__Task details__
Your job is to give again, exactly and with no additions, the lines in the records below from the one with "65K views ·" through the one with "Cadbury Crispello - Yummmm", both included. Omit the pictures.
***** Data excerpts
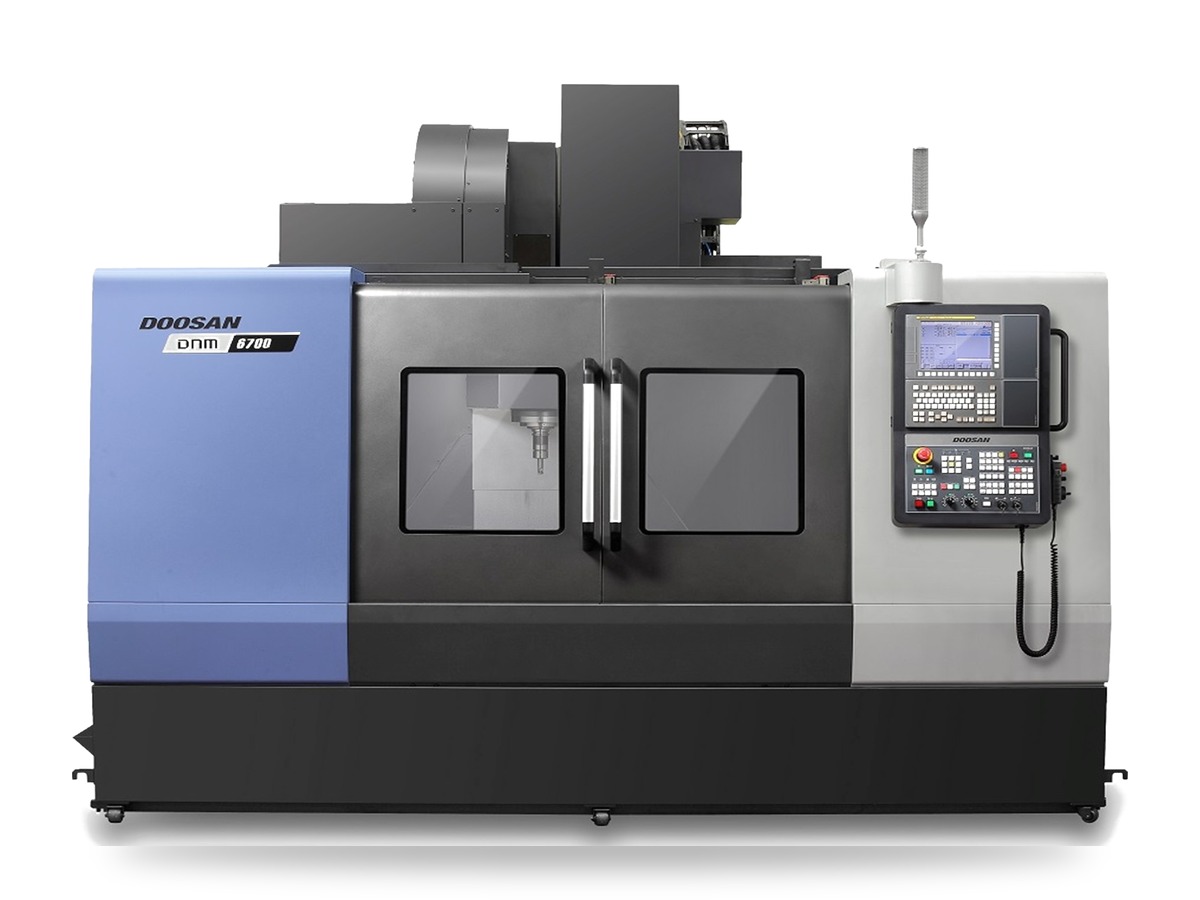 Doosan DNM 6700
**********
***** Data excerpts
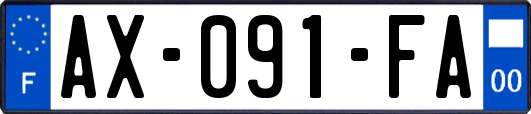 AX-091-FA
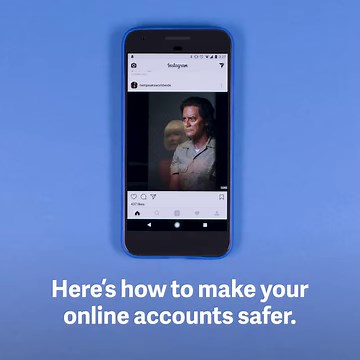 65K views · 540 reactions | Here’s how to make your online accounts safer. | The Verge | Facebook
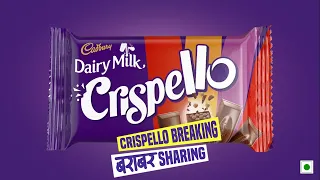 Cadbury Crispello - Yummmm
**********
__Solution below__
 65K views · 540 reactions | Here’s how to make your online accounts safer. | The Verge | Facebook
 Cadbury Crispello - Yummmm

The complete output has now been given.